Printed 24.01.2021 20:17
26-05-2006 Dita Asiedu
The Khamoro world Roma festival is once again under way in Prague. For the eighth year running Roma musicians have been flocking to the Czech capital from all over Europe and the United States to perform everything from Gypsy jazz to traditional Roma folk songs. The festival has also been offering film screenings, book readings, and an exhibition of photographs. It all culminates with a gala concert of traditional music and an international seminar - a tribute to Milena Hubschmannova, who founded the Romany studies department at Prague's Charles University and died last year.
While the festival's main goal is to introduce Roma culture and traditions to the rest of society, it also hopes to bring the different Roma communities from around the world closer to one another. Viennese guitarist Harri Stojka presented his project "A Tribute to Swing" at Prague's renowned jazz club Reduta. He may live just a few kilometres away from the Czech-Austrian border but believes the lives of the Roma in Austria and those in the Czech Republic are worlds apart. Dita Asiedu met up with him after the show:
"I grew up in Vienna in what you would call a gypsy ghetto. We were very depressed and suppressed and it was horrible for us all at school. The only way to get out was through sport, music, or any kind of art. My father always said to me that I need to leave the place. He would say: 'become a musician, famous, and be good and then you won't have to come back here'."
You'll be turning fifty next year. How have things changed in Vienna since your childhood?
"We are very close to the east and many gypsies, Turks, Latinos, blacks, and many Asians are in Vienna now. It's an absolutely multi-cultural place now. When I was a child we were the gypsies onto whom the whole 'power' and depression concentrated on. Now, you should see how everything has completely changed. So, it's good for us."

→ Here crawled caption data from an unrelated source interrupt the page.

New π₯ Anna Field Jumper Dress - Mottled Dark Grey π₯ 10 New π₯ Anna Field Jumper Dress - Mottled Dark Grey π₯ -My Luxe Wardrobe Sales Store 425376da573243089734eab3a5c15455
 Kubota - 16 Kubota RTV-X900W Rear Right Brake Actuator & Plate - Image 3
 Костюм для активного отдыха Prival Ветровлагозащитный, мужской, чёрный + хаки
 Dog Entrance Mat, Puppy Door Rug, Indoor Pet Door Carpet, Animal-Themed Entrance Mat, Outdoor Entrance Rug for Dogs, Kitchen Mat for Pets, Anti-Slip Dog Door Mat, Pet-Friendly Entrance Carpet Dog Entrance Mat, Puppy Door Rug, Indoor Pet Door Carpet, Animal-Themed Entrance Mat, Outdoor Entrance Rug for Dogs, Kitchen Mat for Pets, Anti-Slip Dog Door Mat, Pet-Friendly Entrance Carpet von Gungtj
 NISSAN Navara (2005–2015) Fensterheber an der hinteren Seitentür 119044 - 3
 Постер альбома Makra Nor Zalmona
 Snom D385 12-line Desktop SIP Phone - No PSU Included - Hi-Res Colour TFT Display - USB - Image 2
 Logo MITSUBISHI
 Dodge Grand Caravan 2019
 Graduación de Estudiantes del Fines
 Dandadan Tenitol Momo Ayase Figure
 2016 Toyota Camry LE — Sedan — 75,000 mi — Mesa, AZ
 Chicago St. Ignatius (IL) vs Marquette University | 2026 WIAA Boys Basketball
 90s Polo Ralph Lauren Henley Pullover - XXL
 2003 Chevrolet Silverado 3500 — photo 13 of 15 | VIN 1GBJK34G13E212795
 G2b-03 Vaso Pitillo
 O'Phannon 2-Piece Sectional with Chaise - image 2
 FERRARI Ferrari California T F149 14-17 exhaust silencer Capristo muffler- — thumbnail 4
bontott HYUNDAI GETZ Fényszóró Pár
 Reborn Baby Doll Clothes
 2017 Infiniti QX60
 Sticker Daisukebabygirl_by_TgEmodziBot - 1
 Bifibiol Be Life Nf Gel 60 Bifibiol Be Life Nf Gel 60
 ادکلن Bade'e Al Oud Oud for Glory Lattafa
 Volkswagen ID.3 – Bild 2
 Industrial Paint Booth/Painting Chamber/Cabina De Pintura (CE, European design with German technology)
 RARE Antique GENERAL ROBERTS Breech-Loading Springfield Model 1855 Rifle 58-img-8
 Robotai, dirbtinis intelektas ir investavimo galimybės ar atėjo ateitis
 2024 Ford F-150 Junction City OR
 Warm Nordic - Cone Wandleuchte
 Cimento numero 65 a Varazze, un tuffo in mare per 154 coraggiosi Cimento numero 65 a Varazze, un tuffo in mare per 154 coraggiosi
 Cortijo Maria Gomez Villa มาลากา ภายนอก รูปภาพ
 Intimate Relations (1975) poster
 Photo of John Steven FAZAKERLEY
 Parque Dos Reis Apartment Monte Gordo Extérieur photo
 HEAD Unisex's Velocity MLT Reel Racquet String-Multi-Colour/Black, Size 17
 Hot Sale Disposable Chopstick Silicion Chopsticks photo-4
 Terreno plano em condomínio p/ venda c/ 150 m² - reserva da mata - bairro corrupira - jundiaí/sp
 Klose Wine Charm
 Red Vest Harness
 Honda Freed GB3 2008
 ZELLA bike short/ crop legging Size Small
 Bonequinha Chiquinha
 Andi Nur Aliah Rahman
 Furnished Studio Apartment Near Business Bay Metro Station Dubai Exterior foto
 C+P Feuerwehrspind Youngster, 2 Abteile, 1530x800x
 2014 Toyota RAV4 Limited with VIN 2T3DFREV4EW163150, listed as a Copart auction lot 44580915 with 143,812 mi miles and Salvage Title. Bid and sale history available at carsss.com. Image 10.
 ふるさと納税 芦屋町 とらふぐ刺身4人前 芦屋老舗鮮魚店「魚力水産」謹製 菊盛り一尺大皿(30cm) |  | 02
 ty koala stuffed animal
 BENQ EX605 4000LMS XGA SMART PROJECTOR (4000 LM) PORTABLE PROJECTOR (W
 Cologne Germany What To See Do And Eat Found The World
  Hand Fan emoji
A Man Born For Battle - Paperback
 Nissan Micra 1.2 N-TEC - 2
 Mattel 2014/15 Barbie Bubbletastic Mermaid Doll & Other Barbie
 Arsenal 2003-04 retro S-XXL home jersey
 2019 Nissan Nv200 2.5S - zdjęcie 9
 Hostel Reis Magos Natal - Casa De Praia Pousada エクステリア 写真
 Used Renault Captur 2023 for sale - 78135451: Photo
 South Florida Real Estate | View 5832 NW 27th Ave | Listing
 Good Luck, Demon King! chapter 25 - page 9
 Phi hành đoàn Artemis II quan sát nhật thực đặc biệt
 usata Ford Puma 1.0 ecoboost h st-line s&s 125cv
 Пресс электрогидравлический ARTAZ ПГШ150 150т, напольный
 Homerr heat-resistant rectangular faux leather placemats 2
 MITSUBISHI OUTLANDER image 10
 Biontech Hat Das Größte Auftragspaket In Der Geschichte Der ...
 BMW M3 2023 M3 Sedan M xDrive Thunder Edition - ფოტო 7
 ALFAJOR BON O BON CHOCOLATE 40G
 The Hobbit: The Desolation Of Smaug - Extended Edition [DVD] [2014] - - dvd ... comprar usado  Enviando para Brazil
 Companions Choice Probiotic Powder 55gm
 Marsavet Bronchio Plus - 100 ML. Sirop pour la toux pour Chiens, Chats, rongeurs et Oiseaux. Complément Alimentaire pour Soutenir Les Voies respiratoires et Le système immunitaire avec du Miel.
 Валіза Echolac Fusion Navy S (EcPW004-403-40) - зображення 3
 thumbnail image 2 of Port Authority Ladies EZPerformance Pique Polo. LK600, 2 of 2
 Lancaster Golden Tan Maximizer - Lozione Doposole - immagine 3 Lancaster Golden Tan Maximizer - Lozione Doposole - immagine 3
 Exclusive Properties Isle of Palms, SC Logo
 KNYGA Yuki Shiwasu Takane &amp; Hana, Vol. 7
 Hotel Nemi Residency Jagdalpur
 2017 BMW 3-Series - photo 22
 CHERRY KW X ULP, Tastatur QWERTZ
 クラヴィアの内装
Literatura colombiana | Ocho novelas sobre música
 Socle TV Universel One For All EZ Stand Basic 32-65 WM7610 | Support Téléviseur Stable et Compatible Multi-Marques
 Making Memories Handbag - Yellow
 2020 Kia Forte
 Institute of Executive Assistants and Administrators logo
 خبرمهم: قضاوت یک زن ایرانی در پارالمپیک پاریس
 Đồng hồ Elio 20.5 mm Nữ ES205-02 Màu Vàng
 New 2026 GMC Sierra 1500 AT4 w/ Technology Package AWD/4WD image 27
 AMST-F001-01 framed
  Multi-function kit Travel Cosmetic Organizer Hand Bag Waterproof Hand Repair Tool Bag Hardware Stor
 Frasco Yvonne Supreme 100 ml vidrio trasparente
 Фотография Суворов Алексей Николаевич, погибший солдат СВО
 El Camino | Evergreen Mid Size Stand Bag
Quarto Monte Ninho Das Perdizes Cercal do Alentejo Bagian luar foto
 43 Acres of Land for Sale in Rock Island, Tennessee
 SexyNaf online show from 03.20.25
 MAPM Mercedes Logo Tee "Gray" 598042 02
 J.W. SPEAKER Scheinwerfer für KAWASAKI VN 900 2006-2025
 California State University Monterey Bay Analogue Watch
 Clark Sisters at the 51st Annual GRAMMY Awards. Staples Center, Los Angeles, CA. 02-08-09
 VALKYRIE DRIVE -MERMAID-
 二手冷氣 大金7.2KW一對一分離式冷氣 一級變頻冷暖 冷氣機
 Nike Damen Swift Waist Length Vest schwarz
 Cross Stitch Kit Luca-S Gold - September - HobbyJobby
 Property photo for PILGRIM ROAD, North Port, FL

Do you ever hear about the Czech Republic being criticised about the way it treats its Roma community? Is there any advice that you would give to the Roma here?
"All I can say is don't isolate yourself. Go to the people, talk with them, be friendly, and try to integrate. When I went to New York, I had to look at the way the people are and could not be the 'loud Austrian with the beer'. I had to look at how people there reacted and viewed things. The Roma here should do the same. Just as we do in Vienna. We are very integrated in most ways but we also have our traditions without disturbing anyone. In Austria, it works."